Author - Greg Horváth

Globalese 3.9.1 released

Fixes

  • Users with only project access in a group could not see the group a project belongs to.
  • Not all Memsource TMs were listed when retrieving translation memories from Memsource.
  • Project creator user missing from project Log page.
  • When editing an engine, corpora were not sorted alphabetically (this was a regression).

Minor improvements

  • 4 to 8 per cent increase on average in training speeds.

Globalese 3.9 released

What's new

We've introduced a quick training option to save training time where engines receive minor updates, and therefore don’t need to be fully retrained.

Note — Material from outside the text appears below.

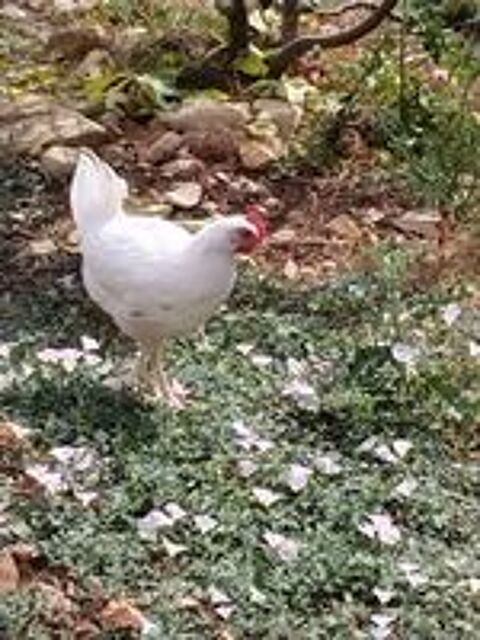   Coq ?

Read more about this new functionality here.

Notable fixes

  • Spacing issues after tags followed by punctuation marks.
  • Unicode characters were sometimes replaced by text in the translation.
  • Project log could not be displayed.
  • Translate button active for projects without an engine.

Globalese 3.8.4 released

New functionality

Minor improvements

  • Groups on the Corpora, Engines and Projects pages are now listed alphabetically.
  • The total number of currently existing engines is always displayed on the About page.
  • Project files can be sorted by status and last translation date & time.
  • Memsource connector updated so support changes in the Memsource API affecting filtering for TMs when retrieving them from Memsource.

Fixes

  • When editing a project that had a stock engine chosen, no selected engine was displayed.
  • Non-admin users could not edit projects.
  • Spaces left after translation in Japanese target texts.
  • Conversion of colons to double-byte characters fixed for Japanese.
  • URLs inside tags were truncated.
  • When deleting an engine, corpora that were not deletable were offered for deletion, causing an error.
  • Stock+ engines with a non-green health indicator didn't become healthy even after retraining.

Globalese 3.8.3 released

Globalese 3.8.3 fixes the following issues:

  • Some term bases could not be retrieved from Memsource
  • XTM term bases could not be filtered by target language
  • URL translation issues
  • Stock corpora were automatically added when creating a new engines even if there were no stock corpora for the language pair

Globalese 3.8 released

The major highlight of Globalese 3.8 is stock+ engines. Stock+ engines are customised stock engines, i.e. pre-trained stock engines extended with the user's own corpora. Note: stock+ engines are only available in the cloud environment.

Improvements

  • A Select all/Deselect all option has been added to the Corpora and Engines listing pages.
  • It is now possible to filter engines by status on the Engines page.
  • Better experience on smaller screens (i.e. mobile devices).

Further changes

  • The number of individual corpora that an engine may contain has been limited to 500.
  • The Engines page now shows master and auxiliary corpora segment counts in two distinct columns.
  • The Engines page now shows whether an engine has been built using stock corpora or a stock engine.
  • An Engine page now shows whether the particular engine uses stock corpora or a stock engine.
  • Master and auxiliary corpora now appear in two distinct tables on Engine pages.
  • The last trained version is shown on Engine pages.

Notable fixes

  • TBX parsing issues.
  • Not being able to create new users.
  • Could not delete resources containing apostrophes in their names.
  • Engines' Log pages not showing any entries.
  • Translation files' Log pages not displaying.
  • Authentication via the API not working.
  • System administrators unable to change their passwords.
  • Projects using XTM connector could not be created.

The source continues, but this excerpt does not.